Por Márcio F. R. Pereira
“Só se escreve bem com os pés, e não apenas com as mãos”, Frédéric Gros.
Não é comum a um autor de filosofia examinar temas e atividades ordinários. A Filosofia (com “F” maiúsculo), ocupada muitas vezes com os grandes temas da Justiça, Liberdade, Ética e Política (todos em maiúsculo), não costuma demonstrar interesse pelos chamados assuntos “menores” e comezinhos. “Caminhar, uma filosofia”, de Frédéric Gros, realiza, porém, um movimento distinto. Dentre outras coisas, a obra nos convida a refletir sobre uma atividade aparentemente banal (“coisa de criança”, como diz o próprio autor), a saber, o ato de caminhar.
Ao longo de 26 capítulos curtos, Gros, ele próprio um andarilho contumaz, mobiliza filósofos, poetas, romancistas e ativistas (de Rousseau a Nietzsche, de Thoureau a Kant, de Rimbaud a Gandhi), que têm no andar um elemento comum de suas respectivas vidas e produções. Mais que “elemento comum”, para esses autores, argumenta Gros, caminhar é um componente central de ideias e pensamentos – são os grandes espaços abertos os verdadeiros “escritórios” desses autores. Gros desafia, desse modo, a ideia que normalmente temos a respeito do processo criativo filosófico (e intelectual de um modo geral): ao invés da atmosfera úmida e austera das bibliotecas, ao invés de corpos praticamente imóveis curvados sobre mesas em meio a pilhas de livros, temos os grandes espaços abertos, amplos e arejados, como locus da produção. Aqui, a referência a Nietzsche é incontornável, quando este nos adverte de que não devemos acreditar em ideias que não tenham “nascido ao ar livre em circulação desimpedida”.

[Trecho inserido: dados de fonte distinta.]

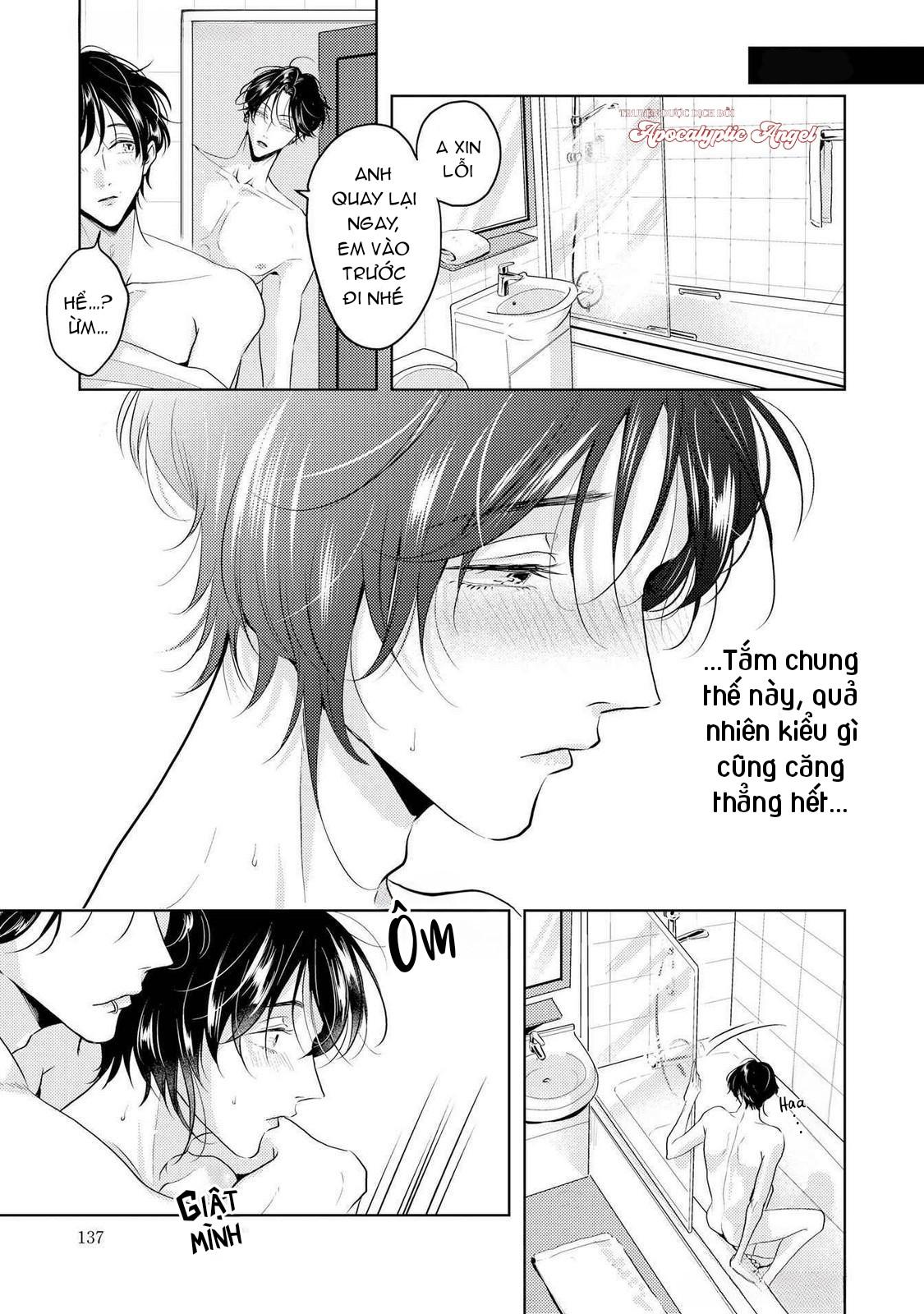 Mùi Hương Cậu Ấy Quá Cháy Bỏng Tôi Hứng Lên Rồi!! - Chap 18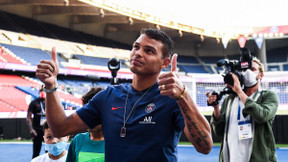 PSG : Thiago Silva se prononce sur l'ASSE !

Uma outra provocação que “Caminhar, uma filosofia” faz se relaciona com as primeiras linhas dessa resenha. Ao examinar um tema aparentemente banal como a atividade de caminhar, o livro desloca o pensamento filosófico de seu “habitat” costumeiro (o dos debates sobre os grandes temas da Justiça, Liberdade, etc) para conectá-lo ao cotidiano, ao singelo ou, mais especificamente, ao presente. É este, a bem da verdade, um dos pontos mais notáveis da obra: nos convida a viver e pensar a partir de um regime de presença. Na contramão do culto à velocidade, da apologia à pressa (cada vez mais pervasiva em nossas sociedades – internet, comunicação e deslocamentos cada vez mais rápidos), é na repetição monótona, cadência constante e temporalidade de uma longa caminhada (um pé após o outro) que, segundo Gros, podemos fruir experiências verdadeiramente intensivas e presenciais. Na caminhada é todo um conjunto de afetos outros que, gradativamente, é mobilizado (beber um gole d’água, contemplar um vale, sentir a chuva, respirar, tudo isso assume um outro significado). Andar longamente funciona, assim, como meio de fazer brotar a absoluta simplicidade da presença; e, ao mesmo tempo, como instrumento de crítica ao nosso (sempre mais veloz) estilo de vida citadino. Por isso, como diz o autor ao examinar o pensamento de Thoreau, “caminhar não é reencontrar-se, mas dar a si mesmo a possibilidade de reinventar-se sempre” (p. 106).
Frédéric Gros. “Caminhar, uma filosofia”.
Tradução de Lília Ledon da Silva.
São Paulo: É Realizões Editora, 2010. 222 p.